- Opening Delimiter -

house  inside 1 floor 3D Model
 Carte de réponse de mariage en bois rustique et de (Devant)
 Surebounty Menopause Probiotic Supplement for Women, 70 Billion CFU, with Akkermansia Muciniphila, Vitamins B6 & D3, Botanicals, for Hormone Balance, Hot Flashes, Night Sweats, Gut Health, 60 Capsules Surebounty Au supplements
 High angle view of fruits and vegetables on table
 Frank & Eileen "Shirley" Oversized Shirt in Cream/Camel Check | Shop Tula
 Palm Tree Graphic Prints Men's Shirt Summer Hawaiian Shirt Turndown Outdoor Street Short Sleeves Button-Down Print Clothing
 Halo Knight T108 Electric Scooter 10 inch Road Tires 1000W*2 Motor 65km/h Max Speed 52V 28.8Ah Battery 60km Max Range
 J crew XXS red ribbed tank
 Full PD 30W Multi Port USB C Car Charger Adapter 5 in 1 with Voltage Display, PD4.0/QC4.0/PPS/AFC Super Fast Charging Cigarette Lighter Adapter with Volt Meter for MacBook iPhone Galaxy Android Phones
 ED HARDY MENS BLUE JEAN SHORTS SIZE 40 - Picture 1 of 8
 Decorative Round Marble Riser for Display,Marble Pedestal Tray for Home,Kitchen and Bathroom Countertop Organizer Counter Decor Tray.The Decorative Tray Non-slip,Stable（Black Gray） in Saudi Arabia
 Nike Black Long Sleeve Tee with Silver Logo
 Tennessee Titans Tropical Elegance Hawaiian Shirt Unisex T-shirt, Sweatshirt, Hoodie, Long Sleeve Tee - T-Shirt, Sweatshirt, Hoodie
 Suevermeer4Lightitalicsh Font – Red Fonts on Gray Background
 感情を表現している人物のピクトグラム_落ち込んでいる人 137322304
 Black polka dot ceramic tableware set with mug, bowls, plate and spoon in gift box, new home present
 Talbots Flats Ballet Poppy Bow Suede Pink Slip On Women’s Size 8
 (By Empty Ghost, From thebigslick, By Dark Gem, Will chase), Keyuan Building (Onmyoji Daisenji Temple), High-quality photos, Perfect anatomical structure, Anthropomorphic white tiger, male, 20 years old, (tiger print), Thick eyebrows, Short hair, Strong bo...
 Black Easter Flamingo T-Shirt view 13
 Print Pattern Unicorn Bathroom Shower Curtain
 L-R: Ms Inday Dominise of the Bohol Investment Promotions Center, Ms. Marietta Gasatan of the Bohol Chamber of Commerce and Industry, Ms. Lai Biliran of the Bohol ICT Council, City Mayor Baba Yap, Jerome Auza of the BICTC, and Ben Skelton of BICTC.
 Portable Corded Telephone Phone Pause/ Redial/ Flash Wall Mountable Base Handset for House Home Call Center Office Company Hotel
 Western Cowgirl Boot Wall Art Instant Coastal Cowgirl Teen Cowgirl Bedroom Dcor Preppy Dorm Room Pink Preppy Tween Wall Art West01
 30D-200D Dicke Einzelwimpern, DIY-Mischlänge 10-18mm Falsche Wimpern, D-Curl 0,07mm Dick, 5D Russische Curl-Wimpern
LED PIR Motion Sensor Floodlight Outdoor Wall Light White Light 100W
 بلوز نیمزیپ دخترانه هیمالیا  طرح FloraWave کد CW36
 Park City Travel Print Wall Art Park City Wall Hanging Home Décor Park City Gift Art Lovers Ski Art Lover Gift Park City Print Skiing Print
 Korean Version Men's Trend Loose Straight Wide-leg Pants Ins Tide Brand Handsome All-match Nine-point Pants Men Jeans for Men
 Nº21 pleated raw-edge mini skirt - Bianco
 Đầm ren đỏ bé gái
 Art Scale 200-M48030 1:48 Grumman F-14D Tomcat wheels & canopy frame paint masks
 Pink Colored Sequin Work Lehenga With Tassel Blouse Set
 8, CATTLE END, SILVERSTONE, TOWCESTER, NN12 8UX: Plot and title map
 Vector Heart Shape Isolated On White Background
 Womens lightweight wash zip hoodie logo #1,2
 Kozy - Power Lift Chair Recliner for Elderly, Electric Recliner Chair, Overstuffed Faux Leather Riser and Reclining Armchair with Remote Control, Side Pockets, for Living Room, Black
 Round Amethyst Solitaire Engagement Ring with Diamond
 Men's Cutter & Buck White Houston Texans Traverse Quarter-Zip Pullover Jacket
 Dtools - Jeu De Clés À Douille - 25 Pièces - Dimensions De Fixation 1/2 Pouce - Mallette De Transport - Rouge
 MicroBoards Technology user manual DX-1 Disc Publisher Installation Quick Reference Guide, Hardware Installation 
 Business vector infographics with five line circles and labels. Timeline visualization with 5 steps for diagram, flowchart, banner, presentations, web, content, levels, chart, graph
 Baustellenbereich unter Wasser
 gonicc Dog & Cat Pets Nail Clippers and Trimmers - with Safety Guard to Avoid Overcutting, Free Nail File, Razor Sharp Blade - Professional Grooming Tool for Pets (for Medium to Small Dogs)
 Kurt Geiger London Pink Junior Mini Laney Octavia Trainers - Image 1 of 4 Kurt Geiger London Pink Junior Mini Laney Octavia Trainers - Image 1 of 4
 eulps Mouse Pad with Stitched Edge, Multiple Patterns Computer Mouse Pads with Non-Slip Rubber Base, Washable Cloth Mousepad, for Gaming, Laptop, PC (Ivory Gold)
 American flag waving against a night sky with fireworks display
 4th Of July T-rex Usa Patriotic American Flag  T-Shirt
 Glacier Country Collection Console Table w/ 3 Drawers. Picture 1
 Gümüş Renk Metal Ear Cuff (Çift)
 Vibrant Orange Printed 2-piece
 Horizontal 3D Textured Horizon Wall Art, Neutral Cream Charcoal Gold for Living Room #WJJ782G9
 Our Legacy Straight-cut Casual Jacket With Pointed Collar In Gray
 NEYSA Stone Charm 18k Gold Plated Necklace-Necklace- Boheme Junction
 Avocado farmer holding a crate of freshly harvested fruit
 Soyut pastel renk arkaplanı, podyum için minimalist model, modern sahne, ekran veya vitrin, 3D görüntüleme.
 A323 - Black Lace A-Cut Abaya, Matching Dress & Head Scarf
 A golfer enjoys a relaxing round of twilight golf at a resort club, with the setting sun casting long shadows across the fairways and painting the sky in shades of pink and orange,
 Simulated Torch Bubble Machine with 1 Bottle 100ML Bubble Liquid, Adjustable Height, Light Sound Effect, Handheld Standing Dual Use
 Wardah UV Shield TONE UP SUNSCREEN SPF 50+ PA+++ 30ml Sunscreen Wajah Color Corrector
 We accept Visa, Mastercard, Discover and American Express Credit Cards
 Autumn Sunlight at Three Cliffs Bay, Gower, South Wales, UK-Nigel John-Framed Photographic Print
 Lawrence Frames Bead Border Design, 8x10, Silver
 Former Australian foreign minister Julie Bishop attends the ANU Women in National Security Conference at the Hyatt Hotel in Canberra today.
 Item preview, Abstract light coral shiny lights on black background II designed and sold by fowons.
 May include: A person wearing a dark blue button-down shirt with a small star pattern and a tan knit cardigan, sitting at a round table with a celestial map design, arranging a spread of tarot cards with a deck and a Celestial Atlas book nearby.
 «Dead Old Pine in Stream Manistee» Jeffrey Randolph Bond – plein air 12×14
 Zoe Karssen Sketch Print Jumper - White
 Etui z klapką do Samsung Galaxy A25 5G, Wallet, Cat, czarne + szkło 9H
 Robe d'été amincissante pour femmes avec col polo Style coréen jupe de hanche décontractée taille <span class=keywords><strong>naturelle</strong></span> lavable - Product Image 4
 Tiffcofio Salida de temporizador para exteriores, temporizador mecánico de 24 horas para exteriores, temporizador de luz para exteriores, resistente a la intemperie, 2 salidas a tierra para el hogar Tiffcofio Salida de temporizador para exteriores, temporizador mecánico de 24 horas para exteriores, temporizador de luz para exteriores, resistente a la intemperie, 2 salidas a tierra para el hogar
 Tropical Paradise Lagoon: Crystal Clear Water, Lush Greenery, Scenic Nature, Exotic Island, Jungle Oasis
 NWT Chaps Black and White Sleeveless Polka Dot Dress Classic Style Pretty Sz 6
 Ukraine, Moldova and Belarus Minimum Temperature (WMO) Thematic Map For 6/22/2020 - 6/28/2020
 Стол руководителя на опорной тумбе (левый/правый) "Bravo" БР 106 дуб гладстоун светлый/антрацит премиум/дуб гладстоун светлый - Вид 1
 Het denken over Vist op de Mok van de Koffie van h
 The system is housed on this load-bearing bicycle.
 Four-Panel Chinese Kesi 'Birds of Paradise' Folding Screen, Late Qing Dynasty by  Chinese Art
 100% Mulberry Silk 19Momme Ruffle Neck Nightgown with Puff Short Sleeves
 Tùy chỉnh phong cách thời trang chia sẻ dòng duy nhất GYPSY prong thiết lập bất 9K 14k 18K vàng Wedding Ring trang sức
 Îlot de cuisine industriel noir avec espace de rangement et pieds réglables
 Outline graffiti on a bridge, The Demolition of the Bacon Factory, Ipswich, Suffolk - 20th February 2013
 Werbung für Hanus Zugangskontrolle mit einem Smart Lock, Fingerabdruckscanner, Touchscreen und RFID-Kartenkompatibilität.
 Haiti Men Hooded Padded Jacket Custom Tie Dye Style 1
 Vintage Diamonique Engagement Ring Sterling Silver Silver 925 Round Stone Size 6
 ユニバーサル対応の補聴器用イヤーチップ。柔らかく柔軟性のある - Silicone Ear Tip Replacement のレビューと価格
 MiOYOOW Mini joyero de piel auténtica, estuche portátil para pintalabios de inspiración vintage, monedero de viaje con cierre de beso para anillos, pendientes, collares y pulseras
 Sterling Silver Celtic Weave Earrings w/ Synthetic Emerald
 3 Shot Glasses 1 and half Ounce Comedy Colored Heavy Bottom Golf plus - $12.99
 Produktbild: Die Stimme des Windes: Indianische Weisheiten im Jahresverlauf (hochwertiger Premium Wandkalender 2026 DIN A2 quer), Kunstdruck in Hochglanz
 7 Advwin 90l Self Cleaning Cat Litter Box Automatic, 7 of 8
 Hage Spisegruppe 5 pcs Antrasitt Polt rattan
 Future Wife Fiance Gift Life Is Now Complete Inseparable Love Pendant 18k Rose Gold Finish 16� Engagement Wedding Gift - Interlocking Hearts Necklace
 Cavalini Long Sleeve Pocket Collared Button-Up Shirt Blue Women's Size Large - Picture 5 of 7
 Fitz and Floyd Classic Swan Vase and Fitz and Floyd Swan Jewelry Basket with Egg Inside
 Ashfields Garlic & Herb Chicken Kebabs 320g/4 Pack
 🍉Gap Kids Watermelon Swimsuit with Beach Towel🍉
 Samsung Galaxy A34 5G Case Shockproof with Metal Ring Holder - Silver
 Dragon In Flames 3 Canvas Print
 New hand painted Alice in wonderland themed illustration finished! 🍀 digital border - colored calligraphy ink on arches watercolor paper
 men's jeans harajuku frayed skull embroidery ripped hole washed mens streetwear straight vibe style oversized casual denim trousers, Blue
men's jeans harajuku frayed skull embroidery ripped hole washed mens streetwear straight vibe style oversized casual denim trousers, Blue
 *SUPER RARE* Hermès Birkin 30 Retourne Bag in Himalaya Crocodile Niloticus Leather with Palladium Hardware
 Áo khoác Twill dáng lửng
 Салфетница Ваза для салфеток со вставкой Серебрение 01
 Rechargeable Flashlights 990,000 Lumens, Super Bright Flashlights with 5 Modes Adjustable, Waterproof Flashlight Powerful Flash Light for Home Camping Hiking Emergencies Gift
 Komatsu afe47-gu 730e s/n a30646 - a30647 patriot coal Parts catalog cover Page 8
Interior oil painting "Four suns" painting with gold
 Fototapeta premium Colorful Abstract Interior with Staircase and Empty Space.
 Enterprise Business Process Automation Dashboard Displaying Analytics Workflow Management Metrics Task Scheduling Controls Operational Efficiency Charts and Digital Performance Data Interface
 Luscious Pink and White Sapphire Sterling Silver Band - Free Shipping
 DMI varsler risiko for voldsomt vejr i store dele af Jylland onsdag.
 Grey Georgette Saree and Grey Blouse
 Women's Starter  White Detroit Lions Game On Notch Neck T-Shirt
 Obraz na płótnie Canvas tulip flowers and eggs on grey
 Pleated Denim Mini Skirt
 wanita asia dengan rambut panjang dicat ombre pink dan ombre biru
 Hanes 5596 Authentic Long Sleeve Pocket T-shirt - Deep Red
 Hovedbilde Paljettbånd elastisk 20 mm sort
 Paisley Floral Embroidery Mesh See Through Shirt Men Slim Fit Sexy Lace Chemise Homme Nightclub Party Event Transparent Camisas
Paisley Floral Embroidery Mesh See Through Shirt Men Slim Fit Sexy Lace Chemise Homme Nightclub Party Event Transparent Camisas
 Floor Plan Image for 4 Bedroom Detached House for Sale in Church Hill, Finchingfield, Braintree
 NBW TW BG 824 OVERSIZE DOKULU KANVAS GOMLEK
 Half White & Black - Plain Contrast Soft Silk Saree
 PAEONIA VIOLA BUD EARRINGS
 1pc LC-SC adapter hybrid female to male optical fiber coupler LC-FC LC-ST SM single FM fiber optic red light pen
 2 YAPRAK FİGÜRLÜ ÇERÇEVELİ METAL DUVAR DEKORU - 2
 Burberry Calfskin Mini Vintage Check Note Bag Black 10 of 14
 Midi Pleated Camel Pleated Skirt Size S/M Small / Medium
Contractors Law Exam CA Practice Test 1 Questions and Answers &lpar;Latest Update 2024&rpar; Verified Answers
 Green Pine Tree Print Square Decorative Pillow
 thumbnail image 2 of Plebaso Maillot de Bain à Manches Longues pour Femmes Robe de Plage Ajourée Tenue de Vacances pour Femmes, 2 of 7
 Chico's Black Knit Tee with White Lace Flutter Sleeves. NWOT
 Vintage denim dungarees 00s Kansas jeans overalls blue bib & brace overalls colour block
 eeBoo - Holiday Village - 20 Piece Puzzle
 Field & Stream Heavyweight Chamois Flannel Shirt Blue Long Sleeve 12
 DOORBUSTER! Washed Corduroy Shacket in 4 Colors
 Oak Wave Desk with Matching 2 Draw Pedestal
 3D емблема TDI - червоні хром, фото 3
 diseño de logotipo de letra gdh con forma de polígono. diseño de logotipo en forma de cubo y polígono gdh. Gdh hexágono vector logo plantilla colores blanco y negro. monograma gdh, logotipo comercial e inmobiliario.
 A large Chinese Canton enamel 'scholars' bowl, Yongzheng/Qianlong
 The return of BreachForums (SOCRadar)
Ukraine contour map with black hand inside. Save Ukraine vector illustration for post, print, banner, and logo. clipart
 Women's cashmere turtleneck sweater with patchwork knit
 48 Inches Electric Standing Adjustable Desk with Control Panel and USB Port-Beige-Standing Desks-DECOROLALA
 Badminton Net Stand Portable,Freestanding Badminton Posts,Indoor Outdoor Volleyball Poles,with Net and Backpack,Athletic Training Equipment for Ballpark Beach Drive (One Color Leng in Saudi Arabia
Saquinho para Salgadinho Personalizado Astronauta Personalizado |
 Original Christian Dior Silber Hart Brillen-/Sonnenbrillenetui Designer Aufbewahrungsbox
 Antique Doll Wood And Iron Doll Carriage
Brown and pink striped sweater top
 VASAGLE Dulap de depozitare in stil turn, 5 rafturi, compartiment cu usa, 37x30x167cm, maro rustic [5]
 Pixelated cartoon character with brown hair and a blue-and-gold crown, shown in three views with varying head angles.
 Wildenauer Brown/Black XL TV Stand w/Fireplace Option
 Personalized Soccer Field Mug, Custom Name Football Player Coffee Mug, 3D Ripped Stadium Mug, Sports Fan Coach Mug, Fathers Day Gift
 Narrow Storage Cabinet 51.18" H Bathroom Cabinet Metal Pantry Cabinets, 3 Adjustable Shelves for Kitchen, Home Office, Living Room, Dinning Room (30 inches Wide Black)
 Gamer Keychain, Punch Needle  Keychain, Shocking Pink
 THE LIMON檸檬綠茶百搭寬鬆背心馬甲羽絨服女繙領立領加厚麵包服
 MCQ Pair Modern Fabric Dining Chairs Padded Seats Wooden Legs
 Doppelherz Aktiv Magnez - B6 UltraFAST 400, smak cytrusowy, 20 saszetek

- Closing Delimiter -

What you should do - Consider the entries above and return each line with the string "Mesh".

Your solution -
 Paisley Floral Embroidery Mesh See Through Shirt Men Slim Fit Sexy Lace Chemise Homme Nightclub Party Event Transparent Camisas
Paisley Floral Embroidery Mesh See Through Shirt Men Slim Fit Sexy Lace Chemise Homme Nightclub Party Event Transparent Camisas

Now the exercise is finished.